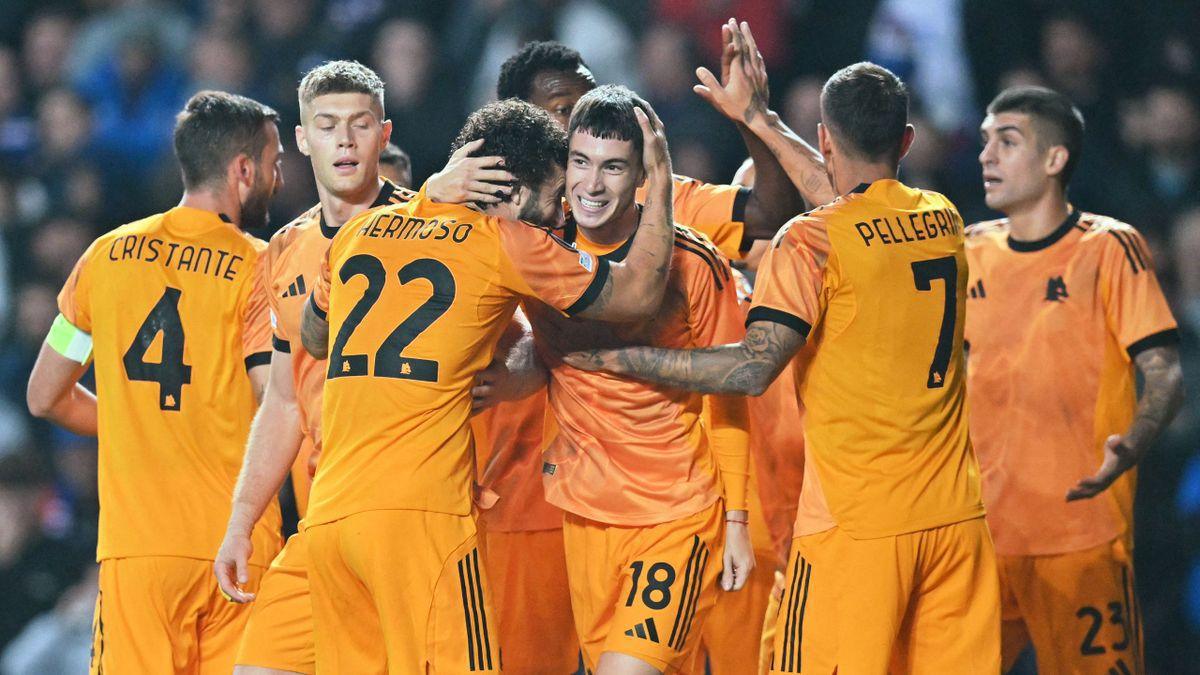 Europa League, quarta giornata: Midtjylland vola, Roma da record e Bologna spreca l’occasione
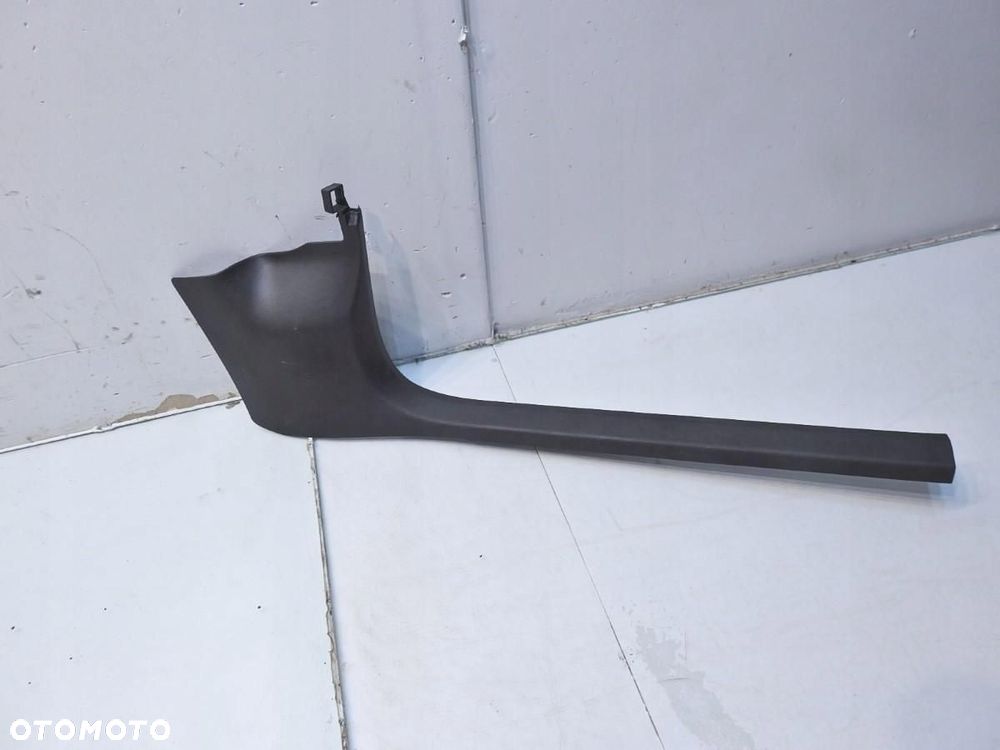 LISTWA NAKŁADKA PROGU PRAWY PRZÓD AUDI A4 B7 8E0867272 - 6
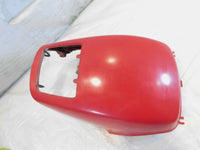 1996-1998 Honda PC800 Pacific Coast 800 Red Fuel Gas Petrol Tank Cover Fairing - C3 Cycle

| THE PROBLEM |
Please print the material exactly as given above, omitting the pictures.

| TASK ANSWER |
 Europa League, quarta giornata: Midtjylland vola, Roma da record e Bologna spreca l’occasione
 LISTWA NAKŁADKA PROGU PRAWY PRZÓD AUDI A4 B7 8E0867272 - 6
 1996-1998 Honda PC800 Pacific Coast 800 Red Fuel Gas Petrol Tank Cover Fairing - C3 Cycle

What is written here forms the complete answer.